O que é a paz? Onde está a paz? Numa pequena sala na rua do Bonjardim, que rasga o Porto de cima a baixo, estão colados na parede vários indícios de mapas. Suzana Queiroga, a sua autora, explica que hão de ser as suas cartografias para a paz, ou “Cartographies for Peace”, a sua mais recente exposição, que está no Porto para falar de Bolsonaro, paz, ambiente e futuro.
As obras são mapas, de espaços reais ou criados pela artista. Numa das propostas, a avenida dos Aliados, no Porto, vai desaguar numa rua de Braga, numa simbiose irreal que une as geografias de espaços distintos — e que na realidade estão separados por várias dezenas de quilómetros.
Estes “ensaios livres e bastante poéticos” são a antecâmara de uma outra ideia da artista brasileira.

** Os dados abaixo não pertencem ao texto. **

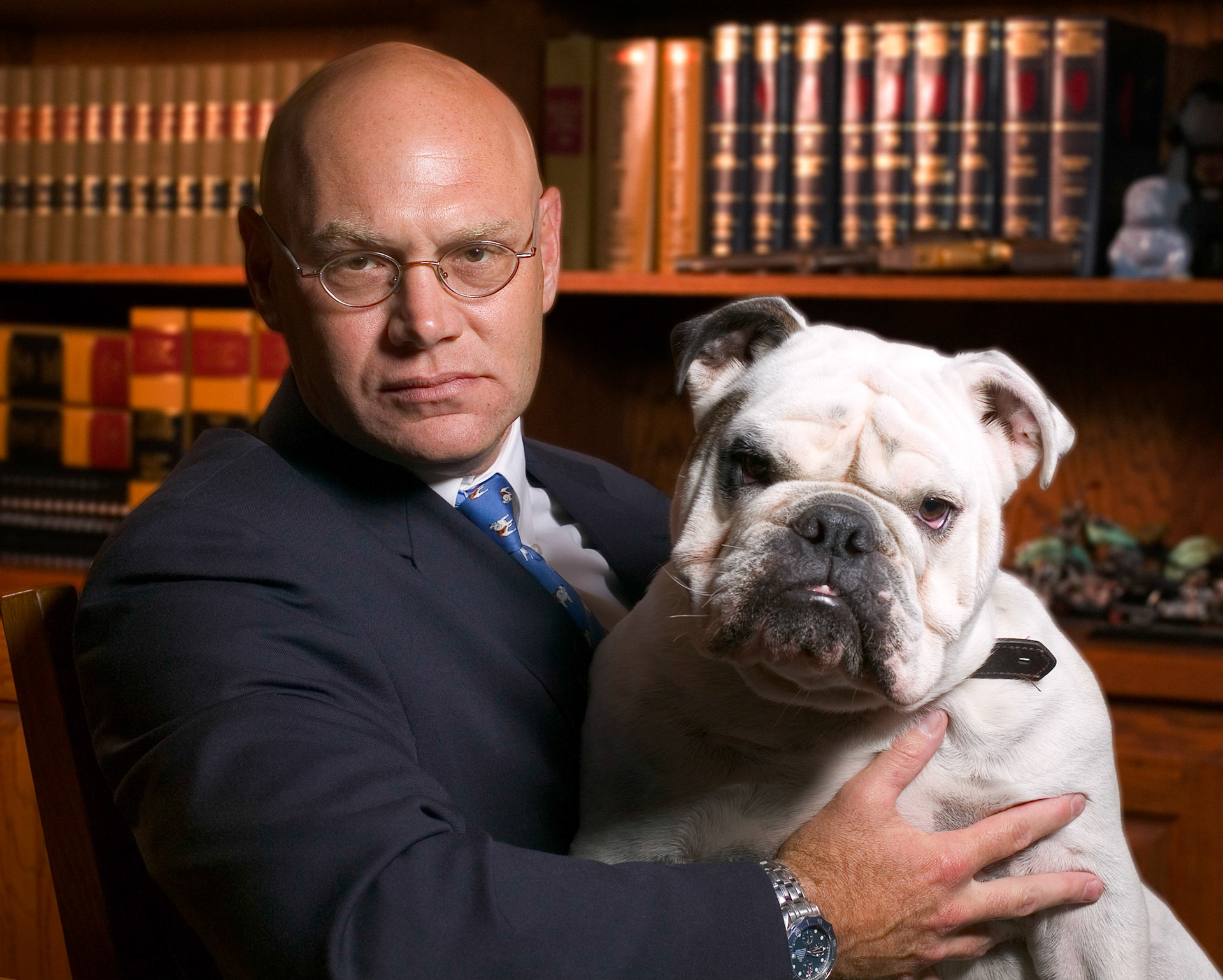 A environmental executive portrait of James H. Moore, attorney at law –"The Bulldog"– along with his own pet bulldog, Darby. The target usage was for the Yellow Pages and other advertising media where Mr. Moore could connect with his clients. More and more, clients are requesting images like this to set them apart from the crowd, and add their own personality to the shots.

Uma ideia que ainda está “na esfera dos sonhos”, conta, e que seria a materialização destes mapas imaginados num espaço utópico tangível, que promova a discussão e a interação entre as pessoas dentro de um lugar que é arte.

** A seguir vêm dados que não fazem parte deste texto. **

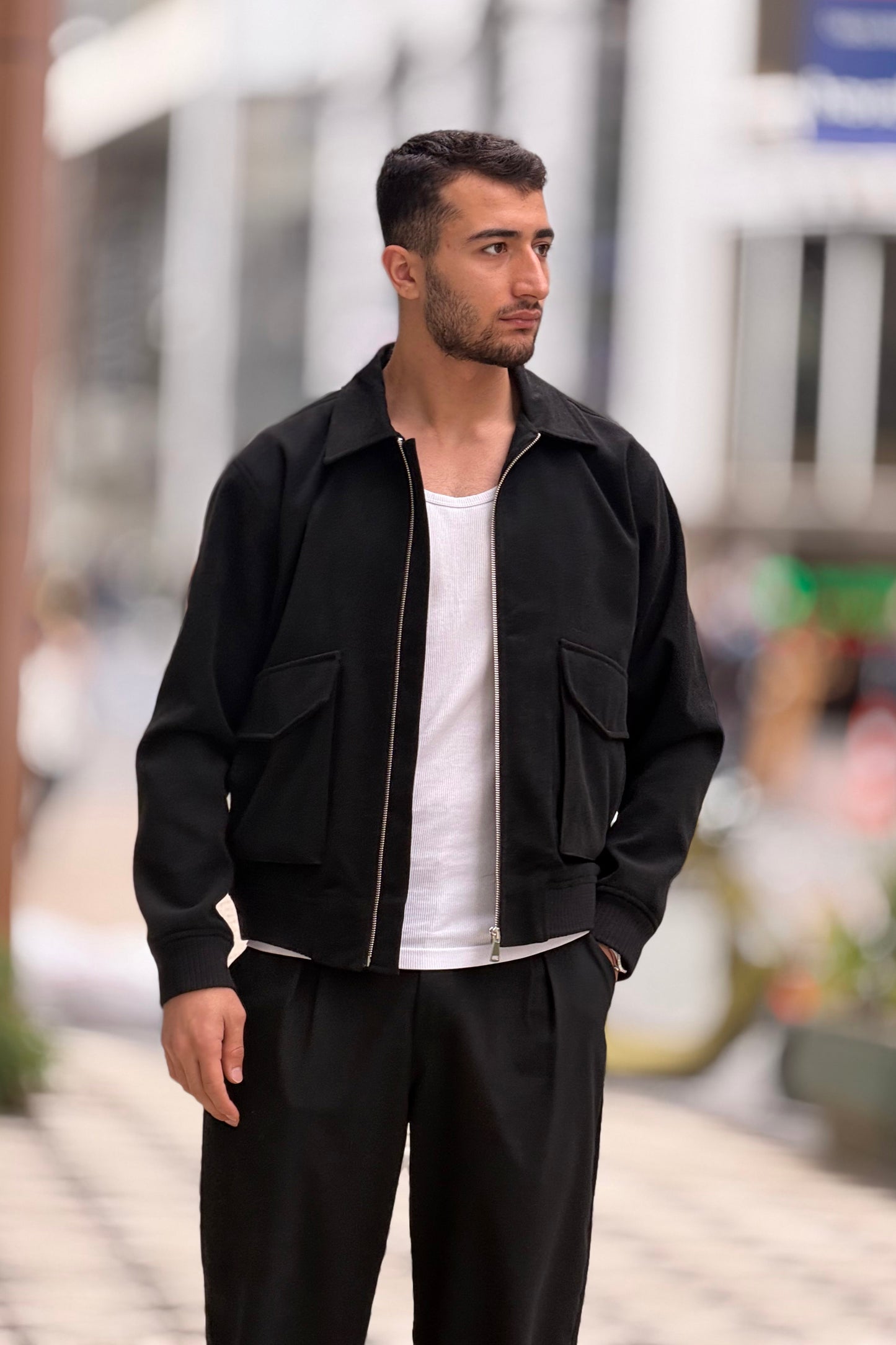 X-2025 Men’s Premium Black Utility Pocket Kaşe Jacket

Pensar, então, no que é a paz. Parar, olhar em volta e notar as linhas que ligam (e separam) os territórios. Desmontar a geografia e pô-la em confronto com as montanhas e os rios, isto é, romper as barreiras físicas e aproximar as ruas de Porto e Braga é um exercício que propõe quebrar as distâncias para aproximar as mentes.

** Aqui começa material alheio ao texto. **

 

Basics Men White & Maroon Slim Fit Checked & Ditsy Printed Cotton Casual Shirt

Partindo da eleição de Jair Bolsonaro, que tomou posse como presidente do Brasil no início de 2019, Suzana Queiroga propõe olhar para a geografia como objeto artístico — e olhar para arte como ponto de partida para uma discussão sobre os caminhos do mundo.
Nas teorias da comunicação, Paul Watzlavick diz que o confronto com os erros e falhas na transmissão de mensagens pode ter o condão de motivar um olhar crítico para a forma como falamos uns com os outros e a maneira como essas convenções verbais nos permitem perceber os pensamentos dos outros.
Aqui, Queiroga desmancha os mapas, partindo de uma experiência que teve em 2005, quando se perdeu no metro de Londres e ganhou uma visão raio-x que a punha a ver o subterrâneo da capital britânica como um organismo vivo, cujos fluxos humanos se assemelham às correntes sanguíneas que o mantêm vivo.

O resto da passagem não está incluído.